Mistake 2: Running RPM filters on an F4 with DShot600 and 8kHz PID loop. An F4 processor at 8kHz with bidirectional DShot, RPM filters, GPS, and OSD will exceed 50% CPU and trigger the CPU overload warning. Fix: Drop to DShot300 and 4kHz PID loop on F4 targets, or switch to an F7/H7 flight controller. The uavmodel F722 flight controller handles 8kHz PID with full RPM filtering at under 25% CPU load without breaking a sweat.

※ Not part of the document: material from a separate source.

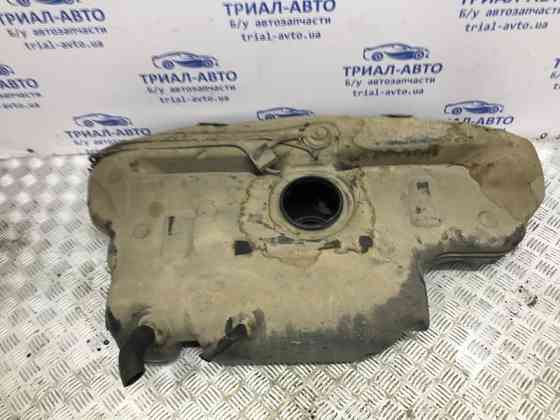 Бак топливный пластик Toyota Avensis T25 1.8 БЕНЗИН 1ZZFE 2002 (б/у) Киев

Mistake 3: Setting RPM Filter Min Hz too high. If your RPM Filter Min Hz is set to 150Hz and your motors idle at 120Hz, the idle noise passes through completely unfiltered. This shows up as a low-frequency oscillation in hover. Fix: Set RPM Filter Min Hz to 100 or lower. Use the Motors tab to check your idle RPM at your configured idle throttle percentage.
Mistake 4: Not relaxing static filters after enabling RPM filtering. The whole point of RPM filtering is that it’s frequency-specific—it removes motor noise without the phase delay penalty of broad low-pass filters. If you leave your gyro LPF1 at 150Hz with RPM filtering active, you’ve gained nothing. Fix: After confirming RPM data is clean in the Motors tab, raise gyro LPF1 cutoff to at least 250Hz and test progressively higher.

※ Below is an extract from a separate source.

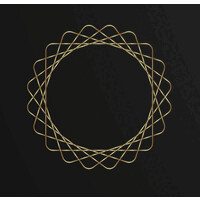 Quartis logo - Similar company to Convyrse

Mistake 5: Assuming RPM filtering eliminates the need for a capacitor. RPM filtering operates in firmware on the gyro data. Electrical noise on the power rail from ESC switching still couples into your video system, VTX, and receiver. Fix: Always install a low-ESR capacitor at the battery pads. RPM filtering and hardware filtering solve different problems in different domains. Our capacitor installation guide covers the hardware side of noise reduction.
⚠️ Regulatory Notice: The firmware modifications described in this article are performed at your own risk. Always verify that your drone’s configuration complies with the latest 2026 drone regulations in your country regarding remote ID broadcasting, altitude limits, and equipment certification. Regulations vary between the FAA (US), EASA (EU), CAA (UK), CAAC (China), and other authorities.
If you’re chasing the cleanest possible gyro signal, RPM filtering pairs perfectly with proper ESC protocol configuration. DShot at the right speed, combined with bidirectional telemetry and RPM filtering, produces a gyro trace clean enough to run P and D gains 20-30% higher than unfiltered setups.